Kevin Levin has this recent posting on his blog.
In discussing how the Civil War Round Table avoided the issues of race and gender he states:
"An innocence about the past that was nurtured and even protected at Civil War Round Tables has been irretrievably lost.
I am not sure that this is necessarily something that should be lamented."
Was it is an "innocence?" Did the Civil War Round Tables not know? Many scholars at the time when these Round Tables started were aware that the Civil War was about race and slavery.
The Civil War Round Tables were created by people who chose a "romance of reunion" interpretation of the Civil War and rejected the idea of the Civil War being about race and slavery and did consciously avoid the issues of race and gender. There was nothing "innocent" about it.
Note the term "lost" instead of "rejected." Then his half-hearted rejection of lamenting for this lost. He couches it in terms of "not sure"

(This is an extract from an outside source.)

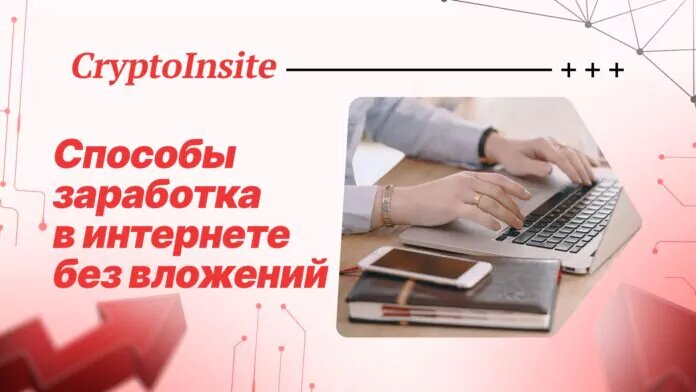 Как заработать в интернете без вложений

What is really regrettable, is that Levin is an editor of a book on understanding Confederate monuments. This really is an indictment of the history profession that he would be selected as an editor of a publication by an academic society.
A couple of use are going to periscope the Robert E. Lee statue in Dallas, Texas on Dec. 31st. We will have our own interpretation. There is a wider academic world outside the Civil War history profession.
Kevin Levin might consider that he and his colleagues might come to be thought of as the Eugene Genovese's of the future.